SDXL Model Quantization using Quark#
This document provides examples of FP8 quantizing and exporting the SDXL models using Quark.
Third-party Dependencies#
The example relies on torchvision
, User need to install the version
of torchvision
that is compatible with their version of PyTorch.
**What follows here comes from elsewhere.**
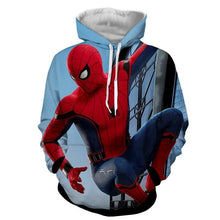 Load image into Gallery viewer, Spiderman Action 3D Hoodie - Jacket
export DIFFUSERS_ROOT=$PWD
git clone https://github.com/mlcommons/inference.git
cd inference
git checkout 87ba8cb8a6a4f6525f26255fa513d902b17ab060
cd ./text_to_image/tools/
sh ./download-coco-2014.sh --num-workers 5
sh ./download-coco-2014-calibration.sh -n 5
cd ${DIFFUSERS_ROOT}
export PYTHONPATH="${DIFFUSERS_ROOT}/inference/text_to_image/:$PYTHONPATH"
Dataset Files#
The calibration dataset file will be downloaded to
${DIFFUSERS_ROOT}/inference/text_to_image/coco2014/calibration/captions.tsv
.The test dataset file will be downloaded to
${DIFFUSERS_ROOT}/inference/text_to_image/coco2014/captions/captions_source.tsv
.
Quantization & Export Scripts#
You can run the following python scripts in the
examples/torch/diffusers
path.
Run with SDXL Without Quantization#
Run original SDXL:
python quantize_sdxl.py --float
Calibration and Export SafeTensor#
Run Calibration:
python quantize_sdxl.py --input_scheme {'per-tensor'} --weight_scheme {'per-tensor', 'per-channel'} --calib_data_tsv_file_path {your calibration dataset file path} --export
Load SafeTensor and Test#
Load and Test:
python quantize_sdxl.py --input_scheme {'per-tensor'} --weight_scheme {'per-tensor', 'per-channel'} --test_data_tsv_file_path {your calibration dataset file path} --load --test
Load SafeTensor and Run with a prompt#
Load and Run:
python quantize_sdxl.py --input_scheme {'per-tensor'} --weight_scheme {'per-tensor', 'per-channel'} --load --prompt "A city at night with people walking around."
SDXL Benchmark#
MI210 GPU, diffusers==0.21.2
Model Name |
FP16 (Without Quantization) |
FP8 + Per-Tensor |
---|---|---|
clip score |
31.74845 |
31.83954 |
fid |
23.56758 |
23.614748 |